This series contains the records of the Coal Mines Reorganisation Commission: including the minutes of its meetings, reports on revaluation of many collieries, correspondence and reports concerning amalgamation proposals and other regional files of the commission. There are also a few files which relate to general policy and establishment matters.

Date: 1926-1939
Held by: The National Archives, Kew
Legal status: Public Record(s)
Language: English

Coal Mines Reorganisation Commission, 1930-1938

Physical description: 204 files and volumes
Publication note:

Two reports of the Coal Mines Re-organisation Commission, for 1933-1934 and 1935-1936 were published (Cmd 4468 and Cmd 5069).

Administrative / biographical background:

The Coal Mines Reorganisation Commission was established under Part II of the Coal Mines Act 1930 and formed part of a policy of long term reorganisation in order to make the coal industry more competitive.

The commission consisted of five commissioners, under the chairmanship of Sir Ernest Gowers who was appointed by the President of the Board of Trade.

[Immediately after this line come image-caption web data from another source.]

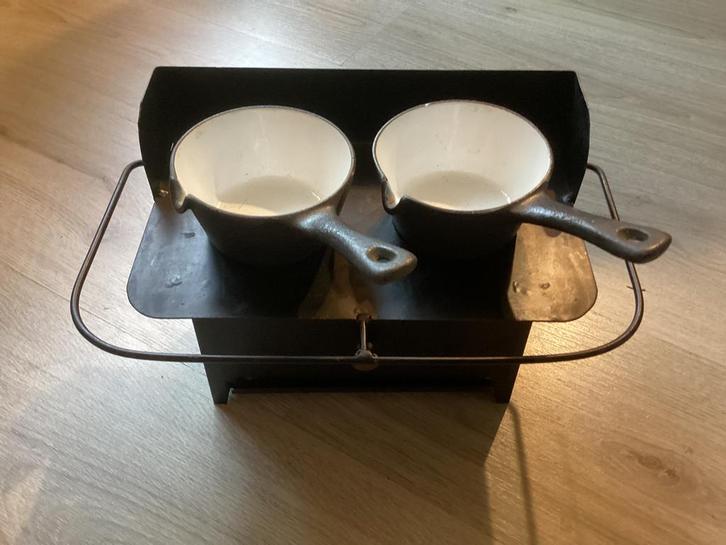 Vintage gourmetstel / kinder oven met gietijzeren pannenset, Witgoed en Apparatuur, Gourmetstellen, Zo goed als nieuw, Ophalen of Verzenden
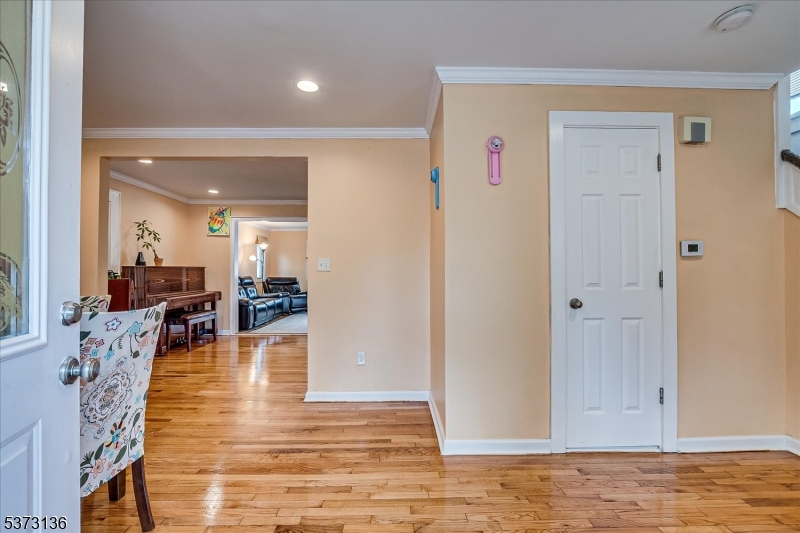 South Plainfield Boro, New Jersey 07080, United States, 3 Bedrooms Bedrooms, ,2 BathroomsBathrooms,Residential,Active,177376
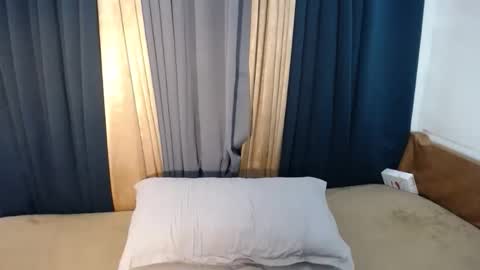 kristine online show from September 26, 2:19 am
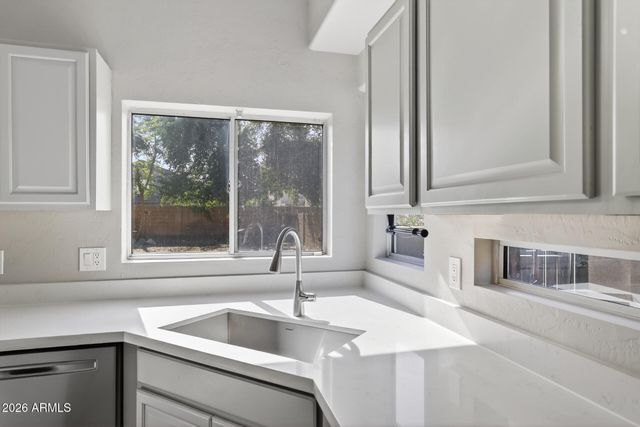 979 E ROSEBUD Drive, San Tan Valley, AZ 85143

Its functions were: 'to further the re-organisation of' the coal mining industry with a view to facilitate the production, supply and sale of coal by owners of coal mines and for that purpose to promote and assist, by the preparation of schemes and otherwise, the amalgamation of undertakings consisting of or comprising coal mines, where such amalgamations appear to the Commission to be in the national interest.' To this end, it formulated schemes which were submitted to the Railway and Canal Commission for ratification, amendment or rejection.

The commission was advised by a body of professional and technical agents paid by the Board of Trade. Coal owners co-operating with the commission could recoup the expenses involved from the Board of Trade. The amalgamation of small uneconomic units of production represented the formalisation of a process which had already been occurring for decades on a voluntary basis.

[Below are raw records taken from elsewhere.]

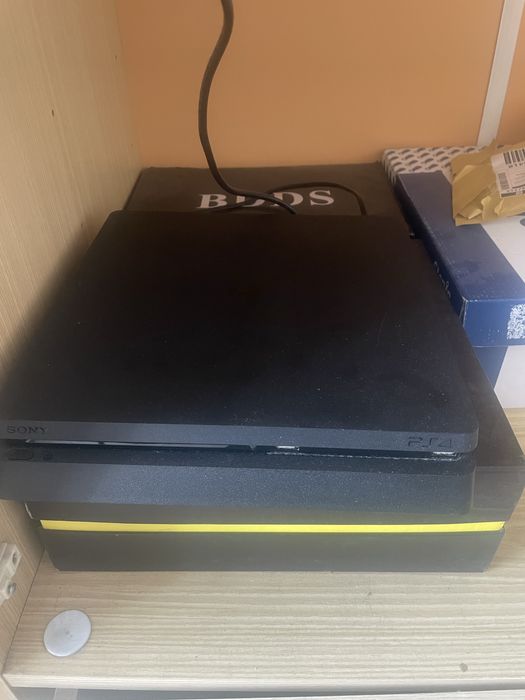 Playstation 4 Slim 1Tb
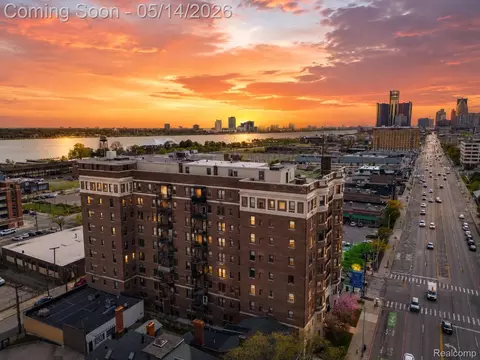 2900 E Jefferson #602, Detroit, MI 48207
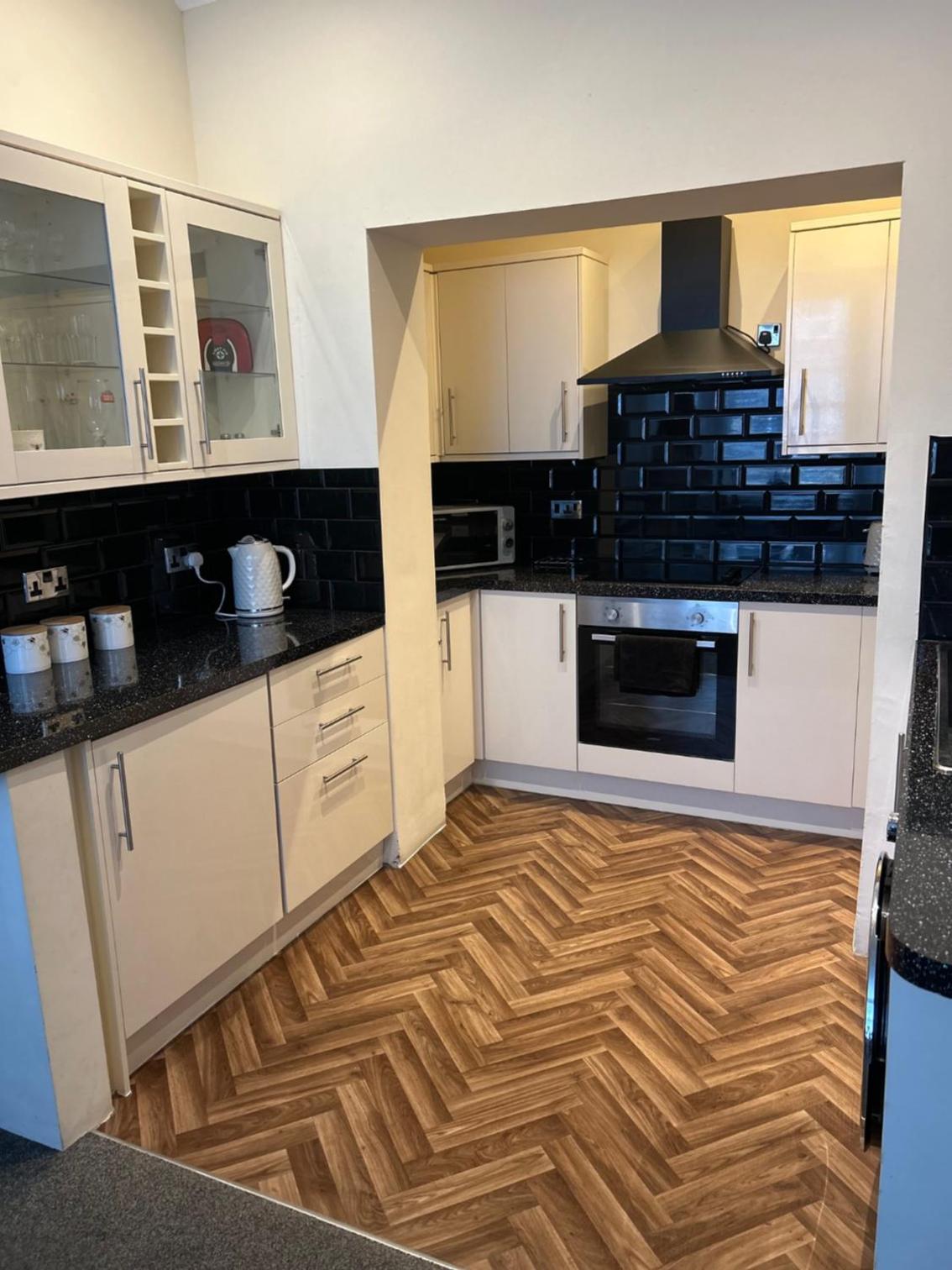 Beautifully presented Victorian Apartment within walking distance to Llandudno beach view 4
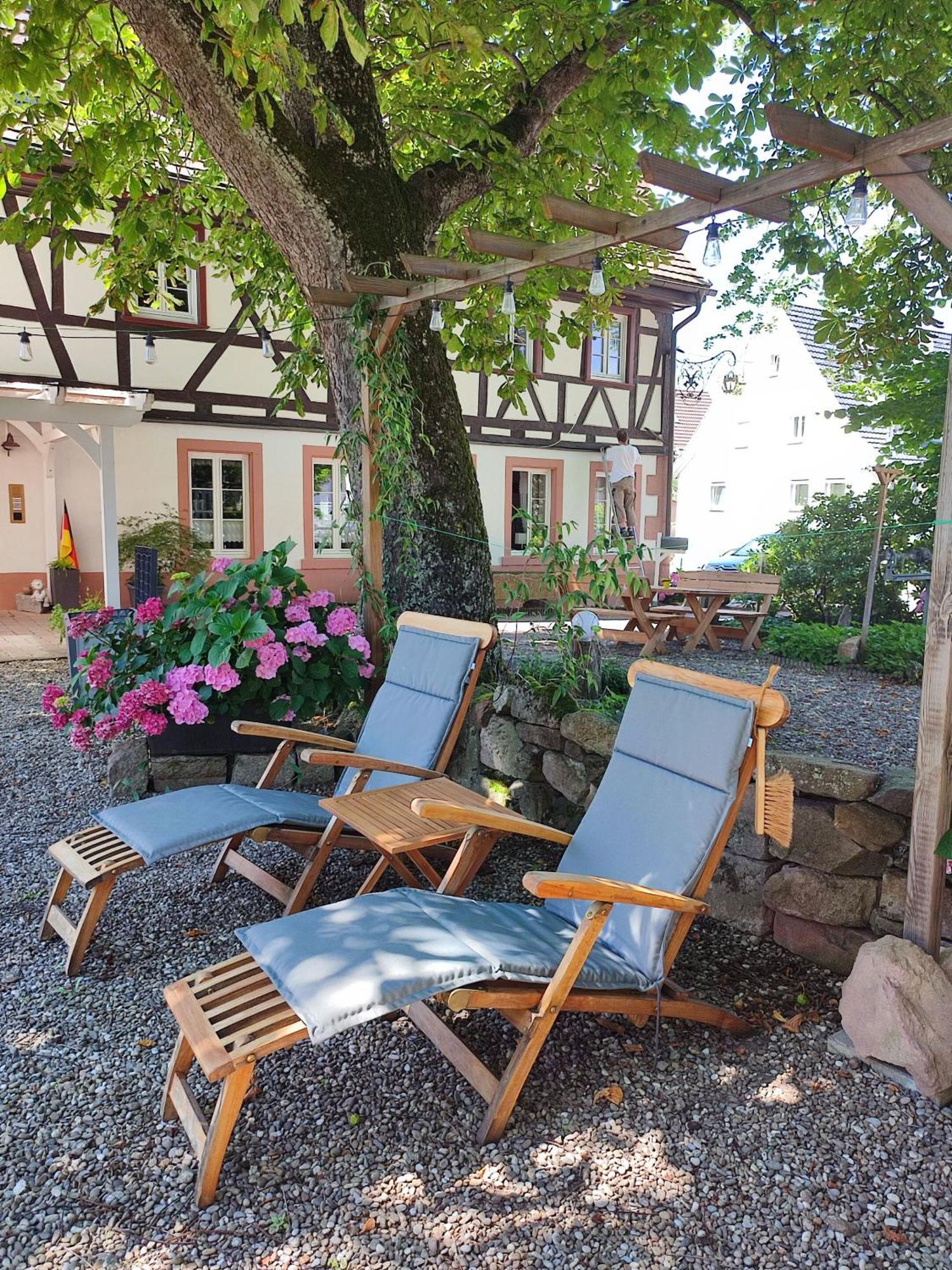 Boutique-Hotel Krone Denzlingen Exterior foto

However, the work of the commission made little headway, partly because of the opposition from coal owners and partly because such rationalisation was bound to exacerbate the unemployment problem.

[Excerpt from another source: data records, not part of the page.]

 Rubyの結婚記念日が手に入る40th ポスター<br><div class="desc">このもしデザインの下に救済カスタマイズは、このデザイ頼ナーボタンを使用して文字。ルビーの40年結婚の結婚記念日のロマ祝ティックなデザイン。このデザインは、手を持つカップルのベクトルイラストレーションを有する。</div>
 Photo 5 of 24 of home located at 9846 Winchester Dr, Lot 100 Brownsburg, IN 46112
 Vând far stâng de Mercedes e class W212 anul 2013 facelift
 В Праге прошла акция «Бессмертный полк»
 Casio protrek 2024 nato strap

In 1934 the commission commenced working on schemes for compulsory amalgamations. However, the first major compulsory scheme, for collieries in West Yorkshire, was rejected in May 1935 by the Railway and Canal Commission both on its merits and on legal grounds. Following this the Board of Trade asked the commission to refrain from initiating further schemes pending a review of government policy and in May 1936 a Bill to widen the powers of the commission was withdrawn due to opposition.

A fresh review of the state of the coal industry led to a government decision to concentrate on the unification of royalties (i.e. the ownership of unworked coal) and the vesting of ownership of these royalties in a new corporate body. This was intended to prepare the way for subsequent amalgamations of undertakings. The Coal (Registration of Ownership) Act 1937 gave the Mines Department of the Board of Trade the task of establishing a Register of Coal Holdings. The Coal Act 1938 set up the Coal Commission to complete this register and to purchase all royalties. This act also transferred the powers and functions of the Coal Mines Re-organisation Commission to the Coal Commission. The transfer took place on 29 July 1938.